The Silence on Iran: A Data-Driven Analysis of Selective Advocacy
Analysis of over 180,000 X posts since Oct 7, 2023 reveals how activist and international organizations prioritize condemning Israel, while ignoring the Iranian regime's human rights abuses
Against the backdrop of ongoing protests in Iran, questions have emerged regarding the extent and nature of international human rights advocacy related to Iran, particularly on social media. Since October 7, 2023—when Hamas carried out an attack in Israel that resulted in approximately 1,200 deaths and the abduction of roughly 250 individuals—public communications by major nongovernmental organizations (NGOs), United Nations (UN) bodies, and influential media outlets have frequently focused on Israel’s conduct in Gaza, including recurring use of the term “genocide” in public commentary.
At the same time, critics have alleged that these same actors have devoted comparatively less attention to the Iranian government’s response to domestic protests. Reports and public claims have described a large-scale crackdown on protesters, including allegations of significant fatalities and widespread repression. In addition, observers have argued that some public messaging by international organizations and media has, at times, minimized or reframed the Iranian government’s actions rather than explicitly condemning them.
In light of these concerns, Jewish Onliner—working with an independent third party specializing in large-scale data processing—conducted a study to systematically analyze the public-facing content output of prominent organizations within the human rights sector. The purpose of the study was to assess how these entities addressed Iran in the period following October 7, 2023, and specifically whether and how they referenced the current protests.
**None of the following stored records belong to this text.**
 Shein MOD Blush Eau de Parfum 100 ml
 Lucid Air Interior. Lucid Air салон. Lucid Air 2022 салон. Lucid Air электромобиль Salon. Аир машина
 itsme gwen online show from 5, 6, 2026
For its analysis, Jewish Onliner reviewed 180,785 posts, retweets, and quote tweets from the following official X (formerly Twitter) accounts published between October 7, 2023, and January 14, 2026: the American Friends Service Committee, ANSWER Coalition, CODEPINK, Democratic Socialists of America, Drop Site News, Euro-Med HR, MPower Change, ICRC, Doctors Without Borders, National Lawyers Guild, Oikoumene, Oxfam, The People's Forum, Committee to Protect Journalists, Party for Socialism and Liberation, Save The Children, Center for Constitutional Rights, UN Human Rights Council, UN Office of the High Commissioner for Human Rights, and Zeteo.
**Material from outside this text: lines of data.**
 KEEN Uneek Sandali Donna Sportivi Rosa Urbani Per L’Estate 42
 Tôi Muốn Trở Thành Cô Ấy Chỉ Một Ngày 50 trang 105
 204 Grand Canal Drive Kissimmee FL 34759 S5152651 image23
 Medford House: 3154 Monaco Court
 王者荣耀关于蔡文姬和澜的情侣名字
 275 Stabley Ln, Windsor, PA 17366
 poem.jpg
X was selected as the primary platform for analysis because it is widely used for real-time political communication by institutions, journalists, and advocacy organizations, and because it provides high-volume, time-stamped public posts that are comparatively accessible for systematic collection and longitudinal comparison.
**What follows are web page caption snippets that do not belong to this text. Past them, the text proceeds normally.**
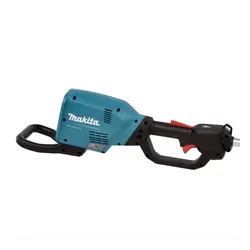 Пила Makita DUA300Z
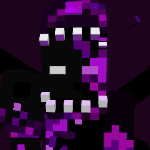 Creator_GamingMC member profile picture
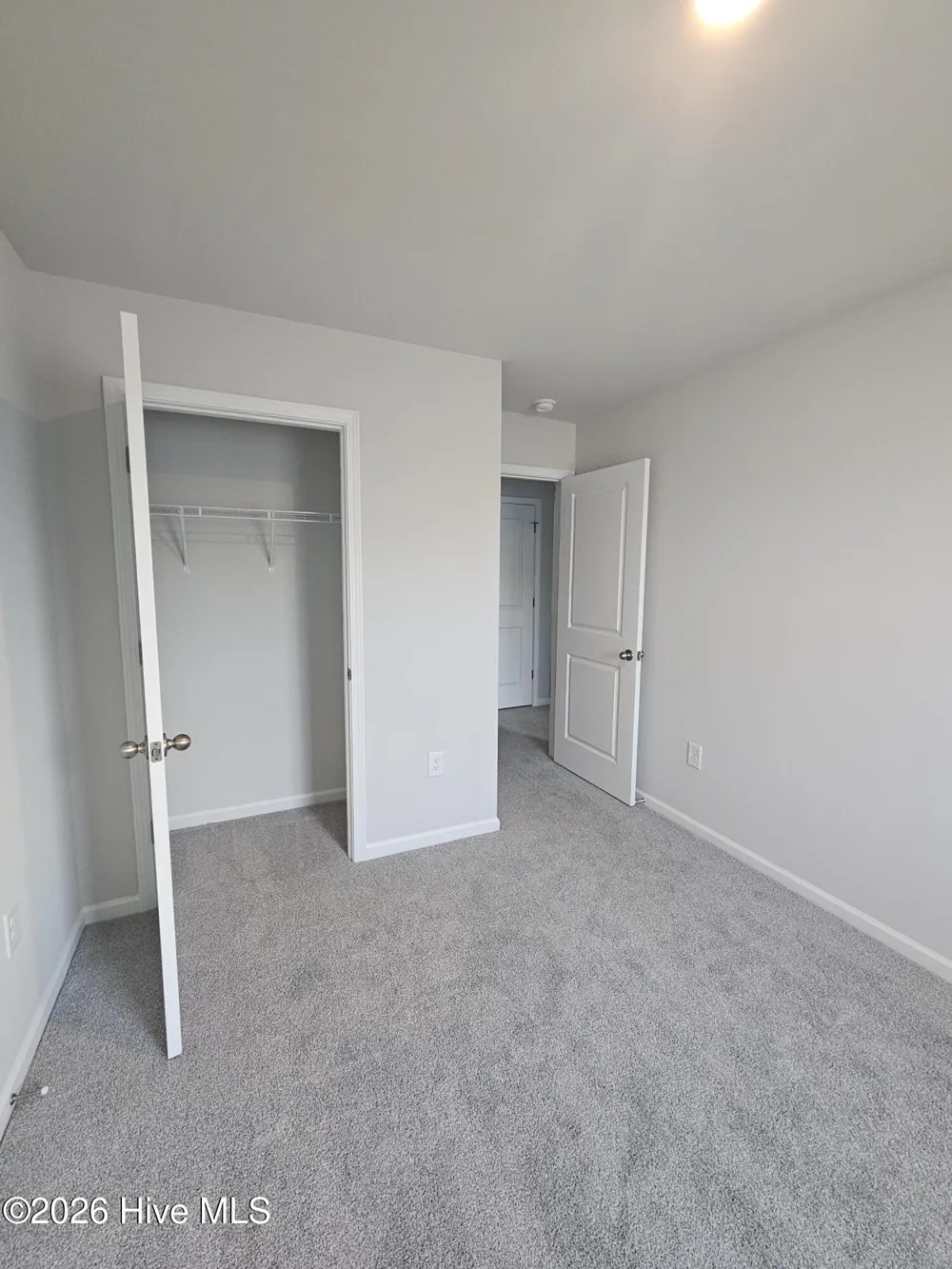 4215 High Glen Drive Leland, NC 28451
What Jewish Onliner Found:
The analysis reveals a striking disparity between the volume and framing of international organizations and activist groups' public messaging regarding Israel-Palestine versus Iran during the period from October 7, 2023, to January 14, 2026. The dataset examined 20 prominent organizations across the human rights, activist, journalistic, and multilateral sectors, encompassing a total of 180,785 posts across their official X accounts. The overwhelming majority pay little to no attention to the plight of Iranians, as seen below:
Evidence of Selective Advocacy
The data reveals a troubling pattern in international human rights advocacy: certain geopolitical conflicts receive disproportionate attention while others are systematically neglected. While coverage of Israel-Palestine is neither surprising nor inherently problematic, the near-total silence on Iranian regime repression exposes a significant gap in the purported universal commitment to human rights.
That only three of twenty organizations explicitly criticized Iranian conduct—and that the UN's top human rights body delayed substantive criticism by over a week—demonstrates a stark inconsistency: many international organizations appear willing to aggressively condemn Israel while according the Iranian regime the benefit of silence or deflection.